I have attended exactly two puppy obedience classes, and I can honestly say I recommend them for all parents of human children. Learning how to train my Whoodle has taught me at least three things I am doing wrong with my real kids.
- I tell them to do something too many times before I give the final warning that proceeds consequence. I have taught my children to tune out my voice and discount my instructions. The dog trainer says to give a command ONCE. Now, I will admit that it is easier with a puppy than with people. With my six pound Whoodle, if she doesn’t obey on the first command, I can pick her up and make her do it. With my 98 pound daughter that just doesn’t work. Plus, depending on the situation, social services might disapprove of coercive handling of my pre-teen. But now that I am aware of the situation, I am re-thinking my approach with the kids.
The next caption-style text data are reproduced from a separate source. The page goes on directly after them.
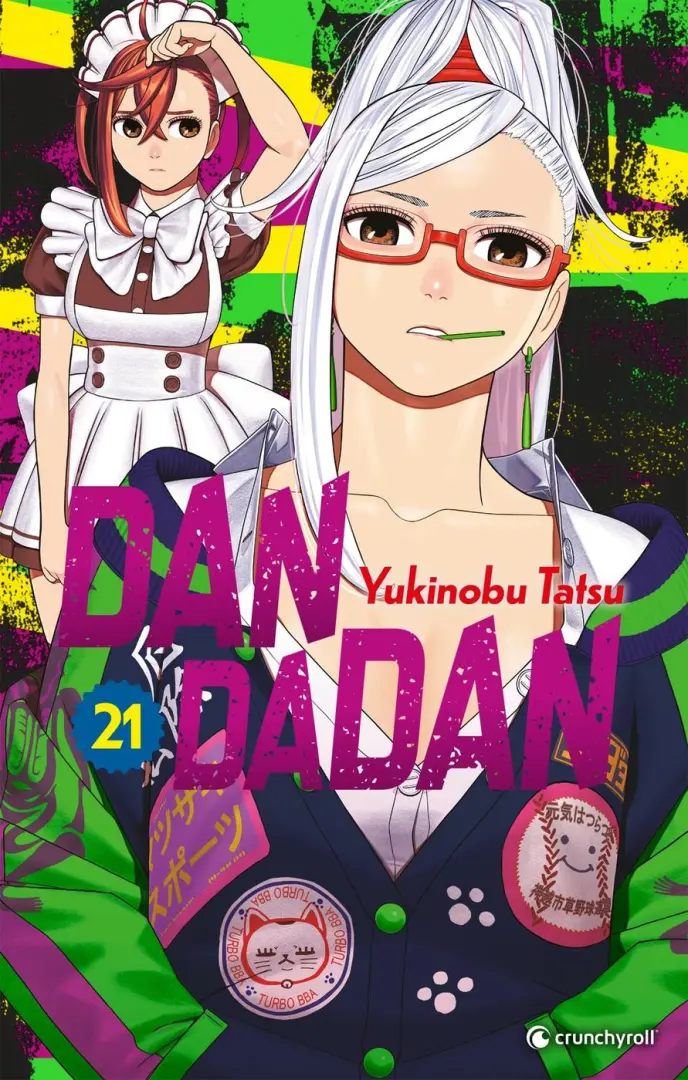 Couverture française standard du tome 21 de Dandadan, Crunchyroll, EAN 9782820351739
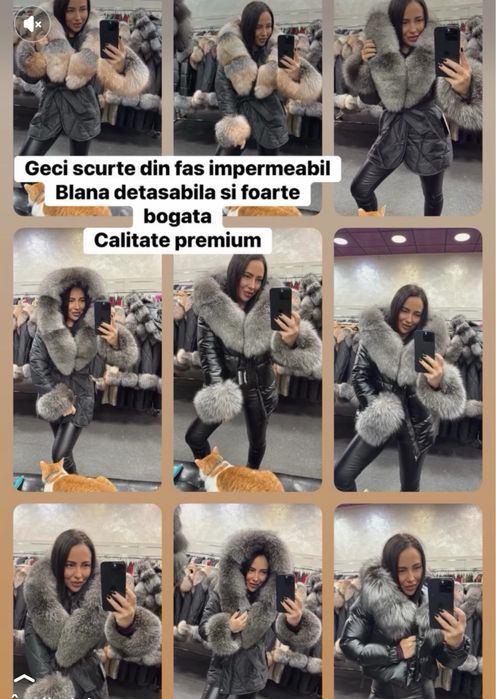 Haine din blana naturala calitate premium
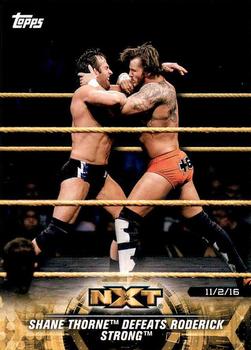 2018 Topps WWE NXT - Matches and Moments #11 Shane Thorne Defeats Roderick Strong Front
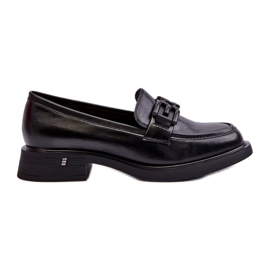 Vinceza Mocassini in pelle da donna con decorazione nera nero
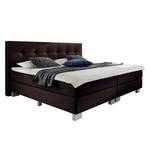 Boxspring Deluxe Night geweven stof - Bruin - 100 x 200cm - H2 zacht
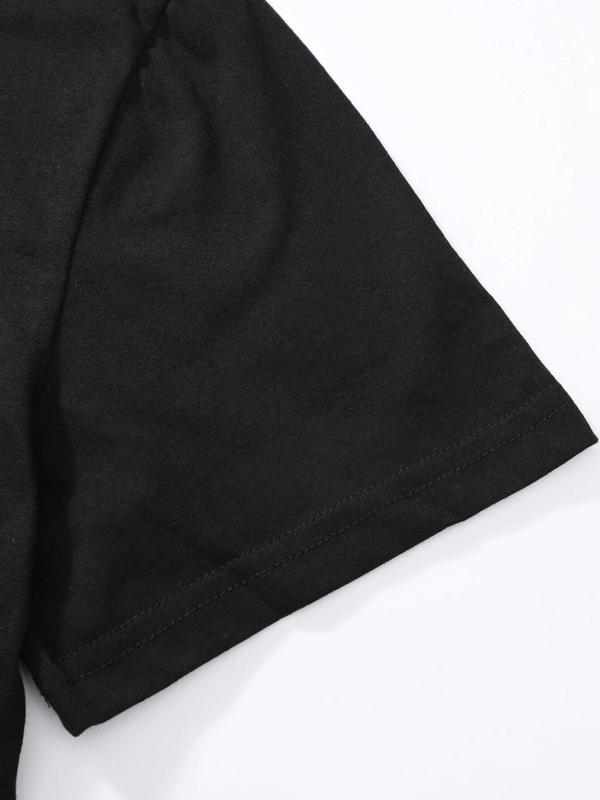 Unisex's Solid Round Neck Short Sleeve Tee, Basic Crew Neck T-Shirt for Daily Wear, Casual Top for All Seasons 4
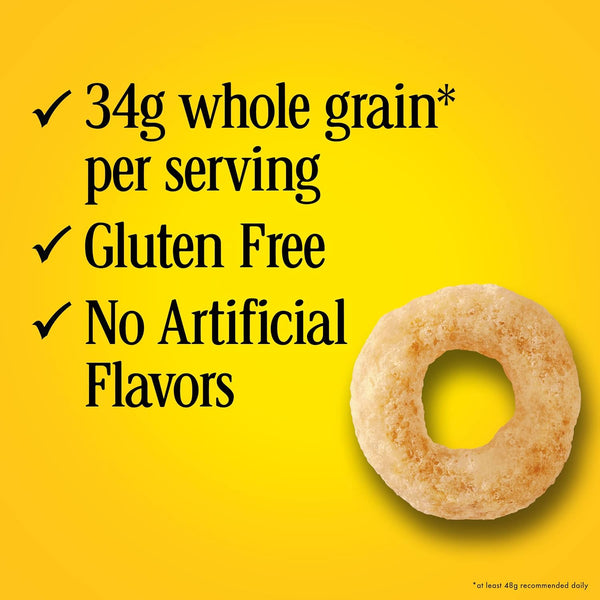 Cheerios Limited Edition Heart Shapes, Affirmations Box, Gluten Free, Giant Size, 20 oz Cereal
- In my human family, I am not the Alpha Dog. I am in charge, but the children know that when I am distracted they can do what they want even if technically it is against my rules. Often I become aware of the transgression when my distraction passes, but then I feel that it is my fault I got distracted, so I let them get away with it. They are 8 and 12 – they know the rules and even if I am distracted they need to follow them. I am working on developing my inner Alpha Dog. I am mommy, hear me howl!
- Treats are great, but physical affection and true-eye-contact attention are just as important! It is easy to cuddle my tiny Whoodle and rub her little belly. When my kids were small, it was wonderful fun to snuggle with my daughter and let her style my hair. It was a pleasure to wrestle with my son on the carpet. Now, we are so busy and my daughter looks so much like an adult person that I forget to snuggle with her on the sofa before bedtime or on Sunday morning. When I try to wrestle with my very large and physically powerful 8-year-old I get hurt. But even if I don’t have time for snuggles or want the injuries that occur from wrestling, I can listen. I can hear them. I can stop washing the dishes and look them in the eye when they are talking to me. I can ask them more questions and learn more about what fascinating people they are. I can make sure to hug them every day.
So I guess I can thank my Whoodle for helping make me a better parent to the two humans I birthed.